I could see he was hurting. But I couldn’t stop it. And why should I? So he wouldn’t fake another stroke?
“Did you fake it?” I said.
“For God’s sake, my boy! You were here. You saw me.”
“What about the strokes before that? The heart attack? Did you fake them?”
“For God’s sake. Maybe. But understand my position. I can’t let them build a wind farm right where the storks are nesting, right in the path of their migration. The turbines will kill them in thousands, it’s just that simple.”

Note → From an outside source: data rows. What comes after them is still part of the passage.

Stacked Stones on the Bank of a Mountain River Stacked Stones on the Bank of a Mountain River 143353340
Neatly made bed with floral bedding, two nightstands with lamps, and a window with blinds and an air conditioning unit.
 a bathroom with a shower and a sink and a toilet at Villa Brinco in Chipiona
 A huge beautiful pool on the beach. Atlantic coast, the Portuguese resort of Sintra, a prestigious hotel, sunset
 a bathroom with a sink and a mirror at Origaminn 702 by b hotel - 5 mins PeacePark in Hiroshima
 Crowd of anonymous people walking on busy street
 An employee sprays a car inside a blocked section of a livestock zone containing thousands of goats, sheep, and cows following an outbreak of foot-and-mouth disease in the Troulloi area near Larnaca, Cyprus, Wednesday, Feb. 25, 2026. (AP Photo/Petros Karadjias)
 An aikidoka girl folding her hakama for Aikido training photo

“Why did you lie to me, Grandpa?” I said, so quietly that at first I wasn’t sure he’d heard me. For some time he struggled to light a new cigarette from the butt of the old one. Then he took a few deep drags.
“I was afraid,” he said. “I sold your land and left you nothing. I feared you’d run away if I told you the whole truth.”
He had feared correctly. But it went far beyond anger. “Tell me, Grandpa, what other lies have you told me? Is Lenio a lie? Or the nestinari? And what about your teaching years?”
“All true, damn it,” he said, and slammed his fist on the table. The plates rattled. Saint Kosta jumped in the corner and, flapping his wings, hurled at us a cloud of gray dust.
“All true?” I said, and kept my eyes fixed on Grandpa’s, to see the kind of dirty flame that would ignite there.
“All true,” he said, this time more softly. And there was no flame in his eye, no twitch of his eyelid. He lied to me sweetly, the way you lie to a small child too gullible to catch your deception, or too weak to handle things as they really are.
“He’s lied before, your grandfather,” the imam had told me out in the mosque courtyard. “Ask him why the Communist Party dispatched him to teach in Klisura. With what objective. Ask him about the kind of lessons he taught his students. About the things they did to us, he and the priest, his comrade.”
My grandfather had not been exiled for his Party resignation. The Party had sent him to Klisura with his agreement. His mission — to indoctrinate the village Muslims. To make sure they grew up away from their roots; to make them believe they were truly Bulgarian.